# Estimation II
## Practical Exercises

### Exercise 7
  In this exercise, we will compare $\ell_1$ and $\ell_2$ regularization for image denoising using wavelet transform.

  One way to view an image is as a function $f(i,j)$ on the pixel position $(i,j)$. Using wavelet transform, we can represent the function (image) as $f(i,j) = \langle \mathbf{w}, \phi(i,j) \rangle$ where $\mathbf{w}$ are the linear function weights (wavelet coefficients) and $\phi(i,j)$ is the feature vector formed by the inverse wavelet transform bases. If we add noise to each pixel and try to learn a predictor (weight vector $\mathbf{w}$), we have a regression problem.

For this problem, it is simpler to think of an image as a vector $\mathbf{v}$ in $\mathbb{R}^{n}$, where $n$ is the number of pixels. The $i$-th coefficient of the wavelet transform is then the projection of $\mathbf{v}$ on the $i$-th basis. Because wavelet is an orthonormal transform, it preserves distance (see background material on linear algebra), i.e. if $\mathbf{\bar{w}}$ is an estimate of $\mathbf{w}$ that gives an estimate $\mathbf{\bar{v}}$ of $\mathbf{v}$, then $\|\mathbf{v}-\mathbf{\bar{v}}\|= \|\mathbf{w}-\mathbf{\bar{w}}\|$ or $\sum_{i} (v_i-\bar{v}_i)^2 = \sum_{i} (w_i-\bar{w}_i)^2$. This makes the implementing $\ell_1$ and $\ell_2$ regularization easy.

For $\ell_2$ regularization, $\sum_{i} (v_i-\bar{v}_i)^2 + \lambda \sum_i \bar{w}_i^2 = \sum_{i} (w_i-\bar{w}_i)^2 + \lambda \sum_i \bar{w}_i^2$. Each coefficient $\bar{w}_i$ can be optimized independently giving the solution $\bar{w}_i=\frac{1}{1+\lambda}w_i$, or each coefficient is multiplied by a constant factor smaller than 1.

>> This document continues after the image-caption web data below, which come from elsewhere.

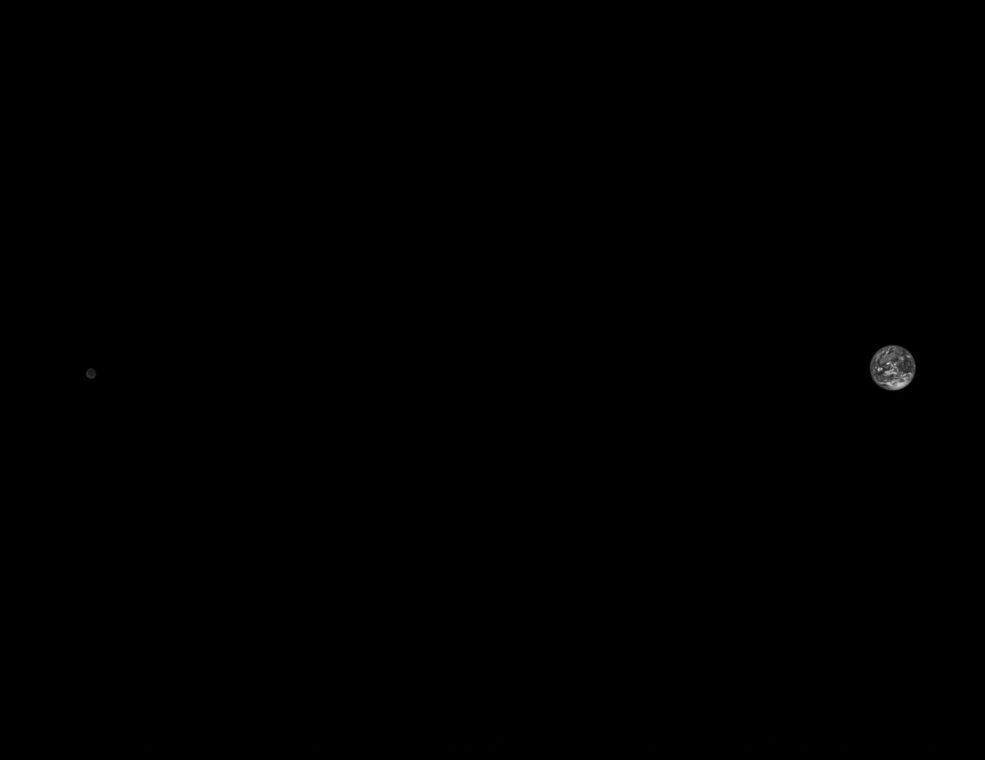 Зонд NASA Lucy показав, як виглядають Земля та Місяць з відстані 1,4 мільйона км: вражаючі фото  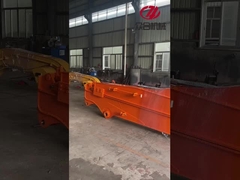 bras coulissant de l'excavatrice pour creuser la fondation de la maison avec un seau standard pour le hitachi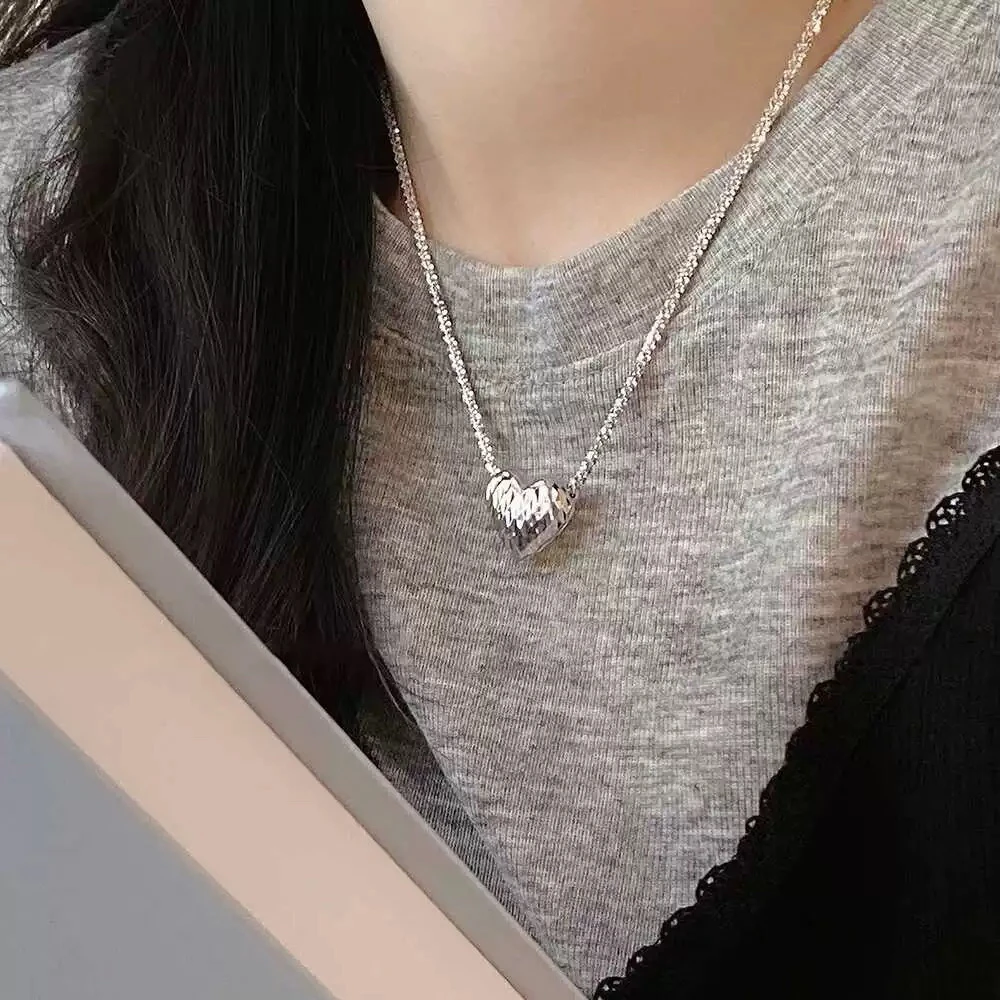 坠链均925银 时尚韩版气质波光粼粼切棱桃心锁骨链45cm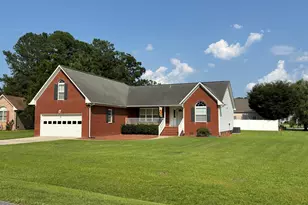 208 Pinewood Dr, New Bern, NC 28562 - Photo 1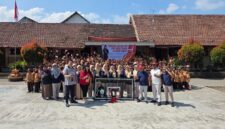 Suasana foto bersama saat Ketua Perbasi Jatim serahkan ring basket (Sumber foto: istimewa)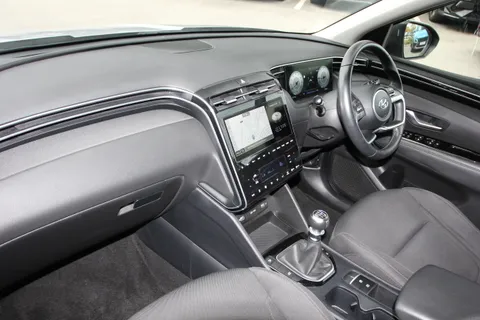 DE71WRT Hyundai Tucson 1.6 TGDi SE Connect 5dr 2WD Thumbnail #13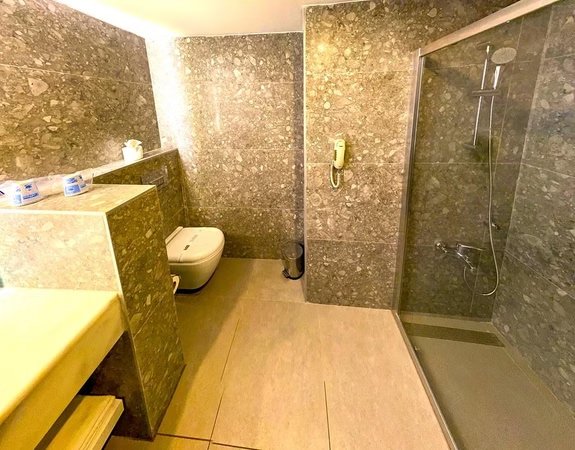 Hotel Aile Odası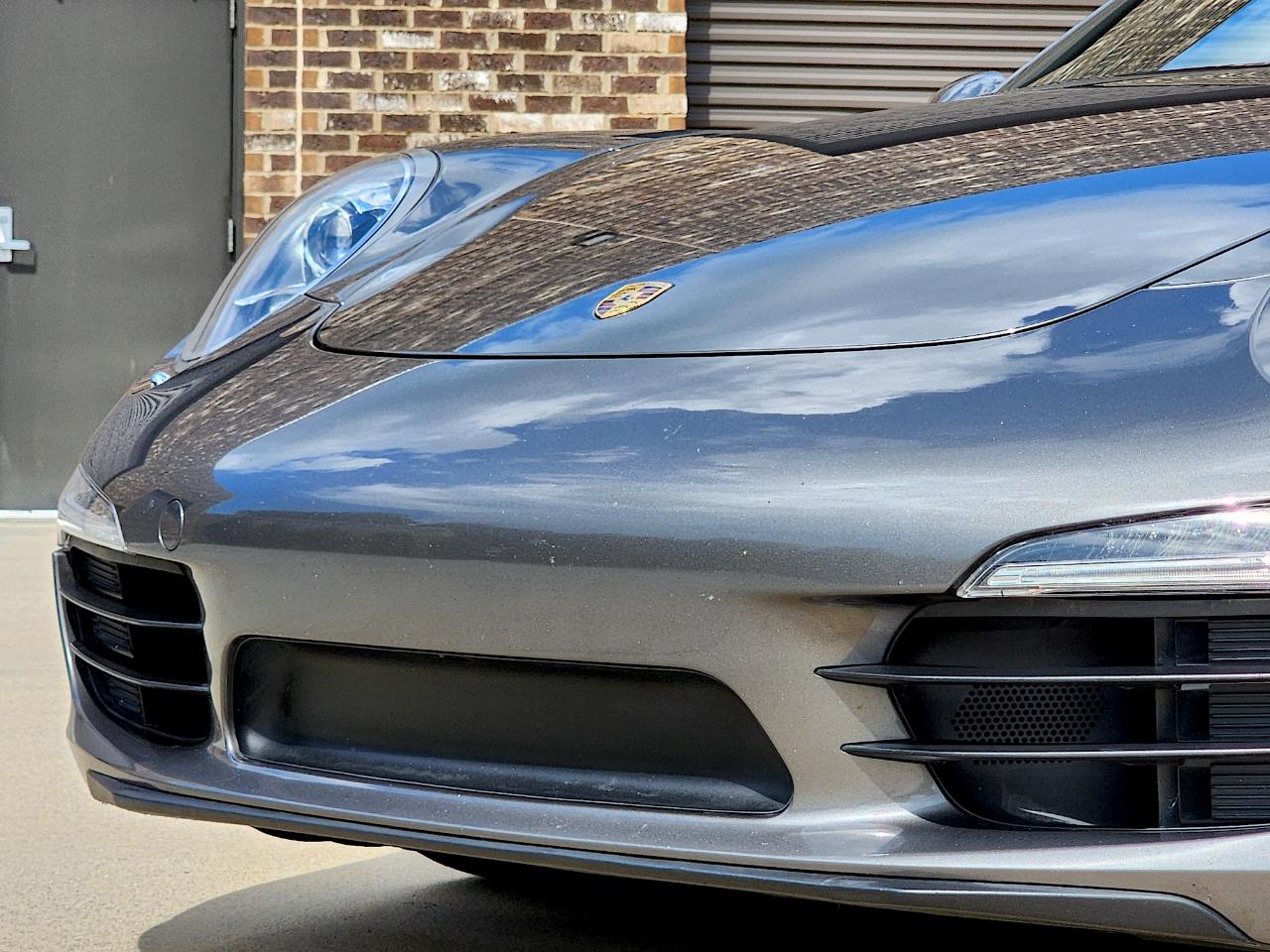 Porsche 911 Carrera  2012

For $\ell_1$ regularization, $\sum_{i} (v_i-\bar{v}_i)^2 + \lambda \sum_i |\bar{w}_i| = \sum_{i} (w_i-\bar{w}_i)^2 + \lambda \sum_i |\bar{w}_i|$. Each coefficient can again be optimized independently, giving the soft thresholding function as the solution: if $|w_i|$ is smaller than $\lambda$, set $\bar{w}_i$ to 0, otherwise set $\bar{w}_i$ to $sign(w_i)(|w_i|-\lambda)$, i.e. reduce the size of the coefficient by $\lambda$ while keeping the same sign.

Run the experiment comparing $\ell_1$ and $\ell_2$ regularization. Performance in signal processing is commonly measured using signal to noise ratio: $SNR(\mathbf{p},\bar{\mathbf{p}}) = 10\log_{10} \frac{\|\mathbf{p}\|^2}{\|\mathbf{p}-\bar{\mathbf{p}}\|^2}$ (the larger the better). Try other images such as boat.png, flowers.png and mandrill.png. Try varying the soft threshold and ridge parameters.

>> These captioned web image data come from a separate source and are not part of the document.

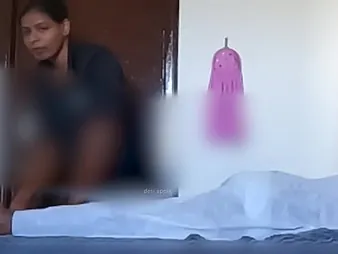 Rasiya Begum gets a on the sick-list freezing rubdown foreign bulldick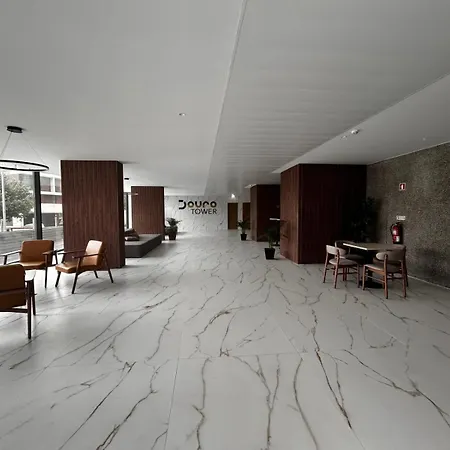 New Douro 406 With Parking 加亚新城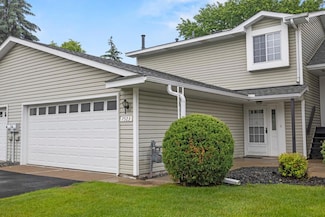 7523 15th Street Ln N, Saint Paul, MN 55128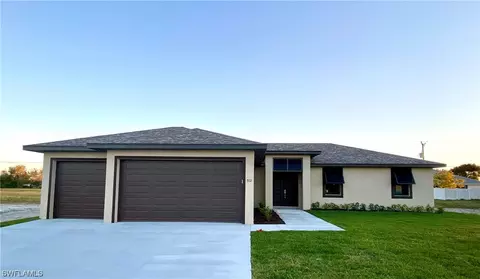 512 NW 7th Ter, Cape Coral, FL 33993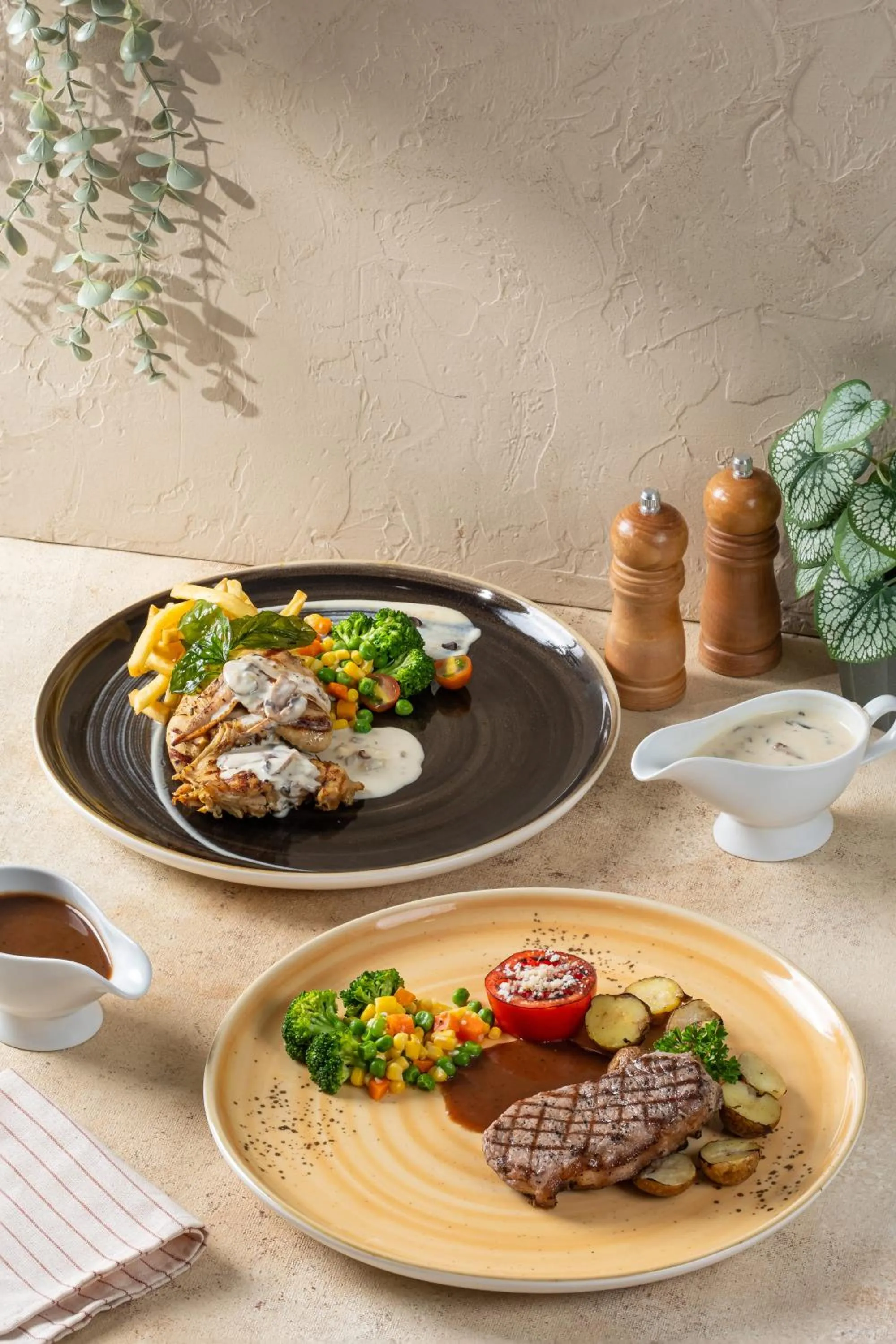 Restaurant/places to eat in Premier Place Surabaya Airport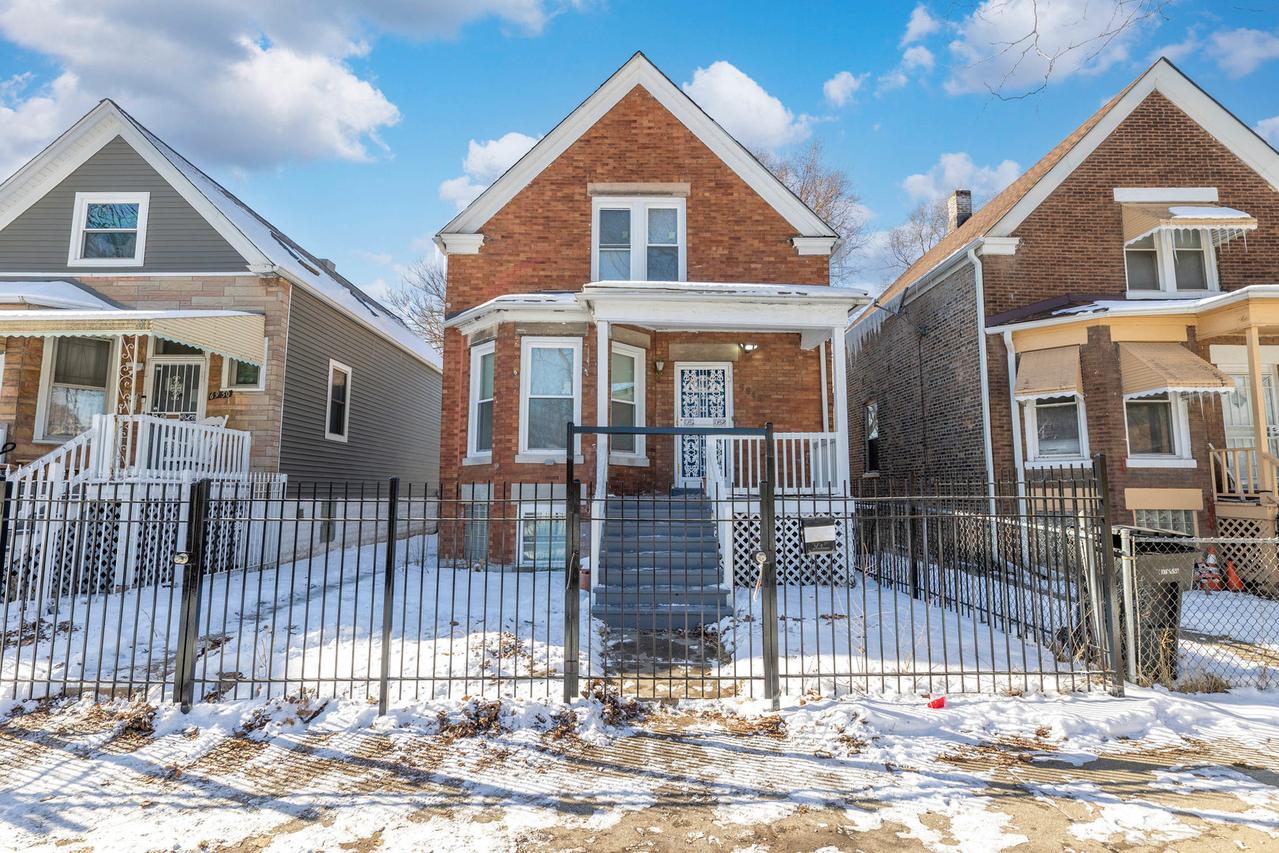 6946 S Throop St., Chicago, IL 60636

***Archipelago:*** Which regularization method performs better for wavelet denoising? Why?

The code is modified from ** Numerical Tours in Python ** http://www.numerical-tours.com/python/ .

In [None]:
from __future__ import division
from nt_toolbox.general import *
from nt_toolbox.signal import *
from sklearn.metrics import mean_squared_error
import warnings
warnings.filterwarnings('ignore')

%pylab inline

# Load image
n = 512
name = 'nt_toolbox/data/boat.png'
f0 = load_image(name, n)
imageplot(f0, 'Original image')
show()

# Add noise
sigma = .08
f = f0 + sigma*random.standard_normal(f0.shape)
imageplot(clamp(f), 'Noisy, SNR=' + str(snr(f0,f)) )
show()

# Do wavelet tranform
h = [0, .482962913145, .836516303738, .224143868042, -.129409522551]
h = h/norm(h)
Jmin = 2
a = perform_wavortho_transf(f,Jmin,+1,h)
plot_wavelet(a,Jmin);
print "Wavelet Coefficients"
show()

# Soft thresholding, equivalent to l_1 regularization
def thresh_soft(u,t):return maximum(1-t/abs(u), 0)*u
alpha = linspace(-3,3,1000)
plot(alpha, thresh_soft(alpha,1))
axis('equal');
print "Soft Thresholding Function"
show()
T = 1.4*sigma
aT = thresh_soft(a,T)
fSoft = perform_wavortho_transf(aT,Jmin,-1,h)
imageplot(clamp(fSoft), 'Soft, SNR=' + str(snr(f0,fSoft)) )
show()

# Ridge regression, equivalent to l_2 regularization
aR = 0.98*a
fRidge = perform_wavortho_transf(aR,Jmin,-1,h)
imageplot(clamp(fRidge), 'Ridge, SNR=' + str(snr(f0,fRidge)) )
show()

# Mean squared error and fraction of features removed
mseR = mean_squared_error(f0,fRidge)
mseS = mean_squared_error(f0,fSoft)
print "MSE soft thresholding: " + "{0:.4f}".format(mseS)
print "MSE ridge regression: " + "{0:.4f}".format(mseR)
softFrac = sum(aT==0)/(sum(aT!=0)+sum(aT==0))
ridgeFrac = sum(aR==0)/(sum(aR!=0)+sum(aR==0))
print "Fraction of zero coeffs in soft thresholding: " + "{0:.2f}".format(softFrac)
print "Fraction of zero coeffs in ridge regression: " + "{0:.2f}".format(ridgeFrac)

### Exercise 8
Demo on bagging from http://scikit-learn.org/stable/auto_examples/ensemble/plot_bias_variance.html

In [None]:
print(__doc__)

# Author: Gilles Louppe <g.louppe@gmail.com>
# License: BSD 3 clause

import numpy as np
import matplotlib.pyplot as plt

from sklearn.ensemble import BaggingRegressor
from sklearn.tree import DecisionTreeRegressor

# Settings
n_repeat = 50       # Number of iterations for computing expectations
n_train = 50        # Size of the training set
n_test = 1000       # Size of the test set
noise = 0.1         # Standard deviation of the noise
np.random.seed(0)

# Change this for exploring the bias-variance decomposition of other
# estimators. This should work well for estimators with high variance (e.g.,
# decision trees or KNN), but poorly for estimators with low variance (e.g.,
# linear models).
estimators = [("Tree", DecisionTreeRegressor()),
              ("Bagging(Tree)", BaggingRegressor(DecisionTreeRegressor()))]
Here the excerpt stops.